WAT 2023 Non-repetitive Translation Task

 

1.    Task Description

Writing style is especially important in news. In order to deliver high quality texts to readers, English news has many rules. For example, in broadcast news, writers are encouraged to follow the rules listed below [1]:

- Use the active voice rather than the passive voice
- Use positive phrases rather than negative phrases
- Avoid redundant phrases

For use in news production, machine translation systems should also be adapted to such rules. This task focuses specifically on the style of word/phrase repetition. In general, the repetition of simple words/phrases can create a monotonous or awkward impression, and in this case, it should be properly avoided [2]. In fact, in Jiji Japanese-English news articles, repetitive words/phrases in a Japanese news text are often translated with omission or paraphrase. Here are two examples:

Example 1 (omission):
Ja: 開発費を参加国間で分担できるため、開発に比べて費用を安く抑える事が可能となる。
En: It will allow the government to cut spending compared with full domestic development by sharing costs with partner countries.

Example 2 (paraphrase):
Ja: 昨年3月の声明は「戦争・軍事目的の科学研究を行わない」とする過去2回の声明を継承。
En: In the March 2017 statement, the council pledged to follow its two previous documents highlighting its determination not to conduct scientific research for military purposes.

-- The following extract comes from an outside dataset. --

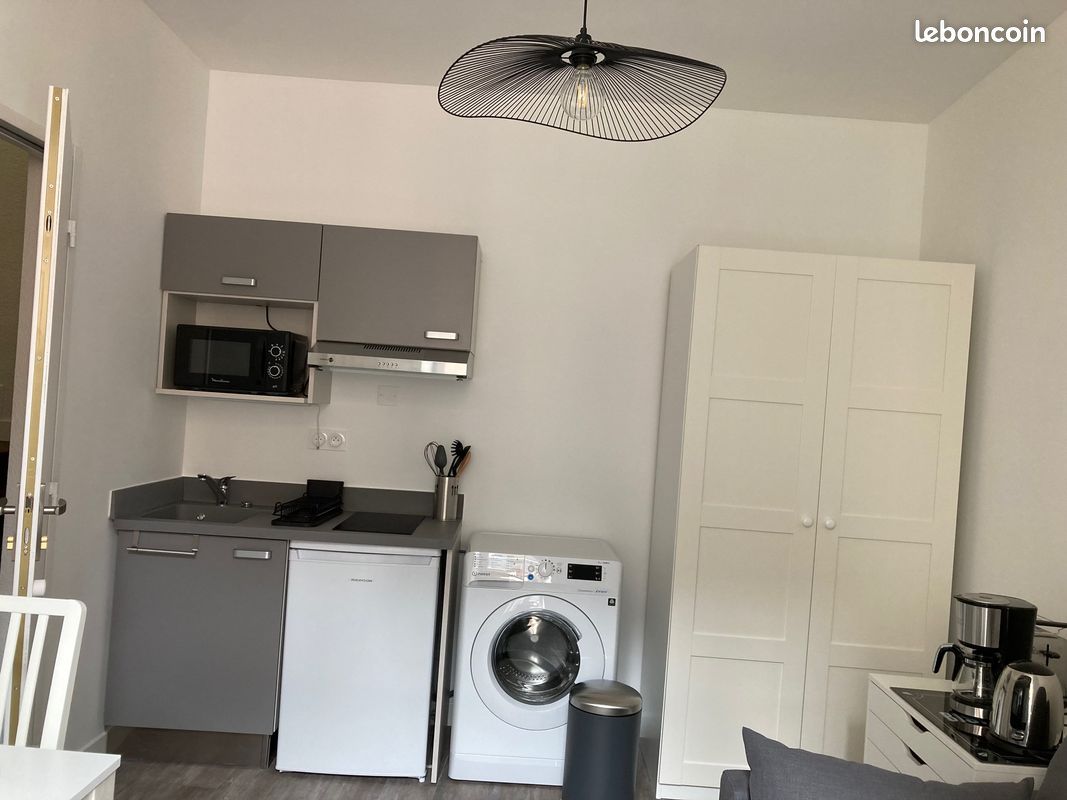 Appartement 1 pièce 21 m² · à Laval · 21 m² · 395 €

In the first example, "開発費" is simply translated as "costs" instead of "development costs", probably due to its obviousness. The second example shows that the same two words (i.e., "声明") are translated differently in English.

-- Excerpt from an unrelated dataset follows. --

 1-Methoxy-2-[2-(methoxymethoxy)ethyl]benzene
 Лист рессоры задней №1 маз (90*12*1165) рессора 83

The goal of this task is to produce translations that follow this style. Specifically, participants are required to control a machine translation system so that it does not output the same words/phrases for certain repetitive words/phrases in a source sentence with omission or paraphrase. (The translation direction is Japanese to English only.) In a sense, one could say that this task has the contrastive purpose to studies on improving lexical translation consistency.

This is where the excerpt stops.